The UK now has two months to reply to the letters from Brussels demanding "swift remedial actions to restore compliance with the terms of the Protocol".
The European Commission on Friday launched four new infringement procedures against the UK over the implementation of the Northern Ireland Protocol.
The EU's executive accuses London of failing to comply with the applicable customs requirements, supervision requirements and risk controls on the movement of goods from Northern Ireland to Great Britain.
It also says the UK government has failed to implement EU rules on Value Added Tax (VAT) for e-commerce and failed to notify that they will implement EU rules related to indirect taxes, in particular on alcohol and alcoholic beverages.
In short, the UK is not providing the EU with export declarations Northern Ireland businesses are supposed to fill in when sending goods to Great Britain, including for controlled goods subject to prohibition and restrictions.
"This is of course very important to so that to ensure that the EU can comply with its own international obligations in relation to prohibitions and restrictions on the exports of goods to third countries. The UK, as of today, has not implemented these requirements," Commission spokesperson Ariana Podestà said.
The UK government, which described the new procedures as "disappointing", now has two months to reply to the letters from Brussels demanding "swift remedial actions to restore compliance with the terms of the Protocol".
If the reply is unsatisfactory, the Commission could then refer the matter to the European Court of Justice.
Draft bill vs infringement procedures
These four new infringement procedures add to the three already launched last month.

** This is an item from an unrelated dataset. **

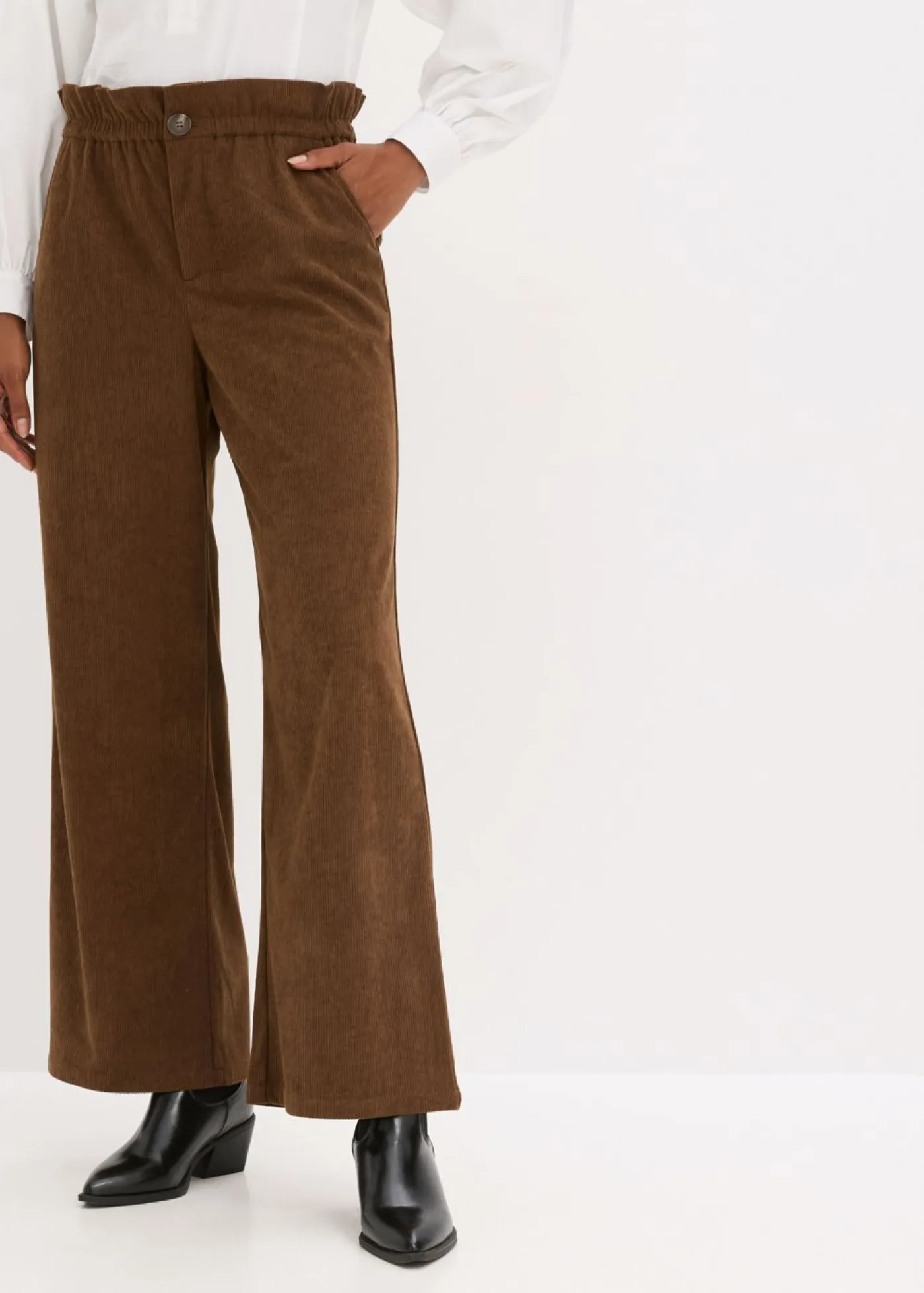 Mujer bonprix bonprix Pantalón de pana con perneras anchas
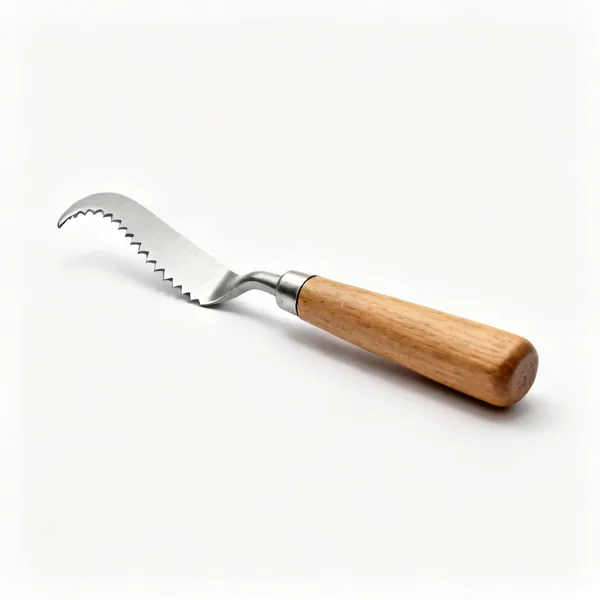 A weeding knife with a hooked notched steel blade and a wooden handle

These were related to the UK's draft bill to unilaterally override parts of the international treaty, the continued lack of infrastructure and staffing to carry out customs checks in the UK, and London's failure to share trading data as required under the Protocol.
The British legislation unveiled last month and currently making its way through parliament would override parts of the agreement by creating so-called green and red channels to waive customs checks for goods travelling between Great Britain and Northern Ireland and are intended for the Northern Irish market only. It has been branded "illegal" by Brussels.
The Commission confirmed on Friday that they have not yet received a reply from the UK.
The Northern Ireland Protocol -- a key Brexit agreement that leaves Northern Ireland within the bloc's Single Market-- has been a source of continued strife between London and Brussels since the UK officially left the European Union on 1 January 2021.
The UK government, which negotiated and agreed to the protocol, now says it endangers the Good Friday Agreement it was made to protect and which ended decades of bloody sectarian violence in Ireland.
London demands that the whole treaty be renegotiated which Brussels has steadfastly rejected, calling for solutions to be found within its framework.
EU has 'bent over backwards'
Brussels' new infringement procedures come in the midst of a leadership contest in the UK to replace Prime Minister Boris Johnson who resigned two weeks ago after a mass walkout of ministers over his handling of several scandals into lockdown-breaking parties held at Downing Street and inappropriate behaviour by some of his MPs.
Only two people are now left in the running: former Chancellor Rishi Sunak and Foreign Minister Liz Truss who is also in charge of Brexit.
Eric Mamer, the Commission's Chief Spokesperson, stressed to reporters that the EU's executive "launches infringement when it considers that the conditions are met and when it is ready to do so."
He said that Brussels has "been extremely patient" and has "engaged with the United Kingdom over a very long period of time" to find solutions.
"We have bent over backwards in terms of making proposals to solve these issues. We are still in the situation where in fact the UK is not implementing its part of the deal in respect of many of the variables," he went on.
"If we thought that the prospects were great of sitting together on Monday and coming to a solution, we would not be launching the infringements, right? That's the logic."
A UK government spokesperson meanwhile said that they "will review the EU’s arguments and respond in due course."
"It is disappointing that the EU has chosen to bring forward further legal action, particularly on goods leaving Northern Ireland for Great Britain which self-evidently present no risk to the EU single market.
"A legal dispute is in nobody’s interest and will not fix the problems facing the people and businesses of Northern Ireland. The EU is left no worse off as a result of the proposals we have made in the Northern Ireland Protocol Bill," they added.